The easiness of getting a visa depends on the role. It will be easier to get a visa if you are coming to Denmark on a job which is facing a skill shortage. In that case, you can apply for a Positive List visa.
Likewise, you will find it easy to get your visa processed if you are coming to the country on a job that pays significantly higher than the average salary or if your employer has been approved by the government as an international employer.
Steps to apply for a work permit
Irrespective of the type of work permit you are applying for, there are certain steps which are common in the visa application process:
Create a case order ID: After you have selected the visa form that best suits your job situation, you will be asked to create a case order ID. With certain forms of visas, the employer submits the application. To do this, you’ll need to hand them the power of attorney by filling in the related form.

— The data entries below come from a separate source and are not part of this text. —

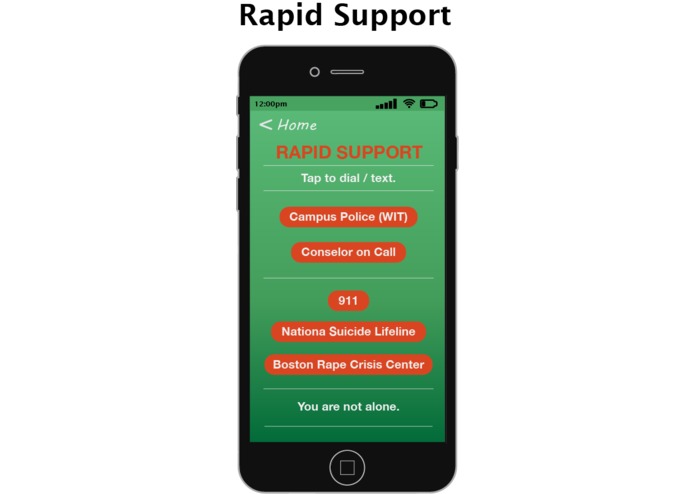  Temporal – screenshot 8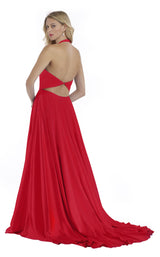 3 of 8 Morrell Maxie 16016 Red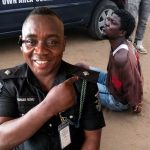 Oborevwori Condemns Police Killing, Vows Justice For Slain Delta Youth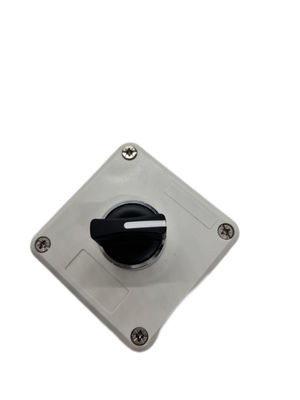 Botón de presión momentáneo de alta sensibilidad SK-1TL para automatización industrial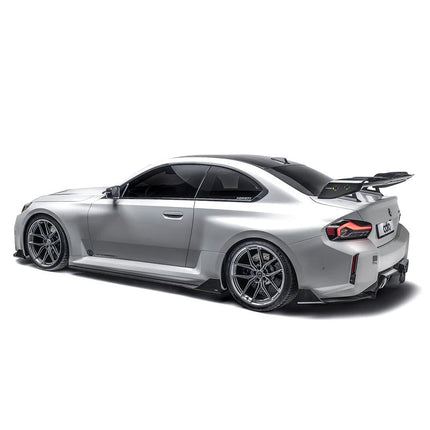 BMW M2 G87 Pre-Preg Carbon Fibre Full Body Kit, Adro, view 5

Pay the visa fees: All visas are processed annually. Please ensure that you build the case order ID and pay the invoice in the same year to prevent any problems with your submission. Most Danish Work Visas cost DKK 3,025 (USD 445).
Submit the required documents:
You will be required to submit the following documents as part of your application:
- Evidence that you paid the visa charge by attaching the receipt
- Passport copy with all pages, front cover, and back cover
- Fully completed form for power of attorney
- An employment contract or job offer (not more than 30 days old) with information about you, your salary, terms and conditions of employment and job description
- Educational diplomas and qualifications which demonstrate that you are eligible for the role
- Danish authorization (for regulated occupations such as physicians, lawyers, etc.) if necessary, for the job role
Submit the appropriate work visa application: The type of application form you will need for a work visa depends on your job. The most popular ones are:
- The AR1 online: Both the employee and the employer fill out this electronic form. For this type of form, the first part must be filled in by your employer. A password is then produced which should be transferred to you by your employer so you can complete the second part of the form.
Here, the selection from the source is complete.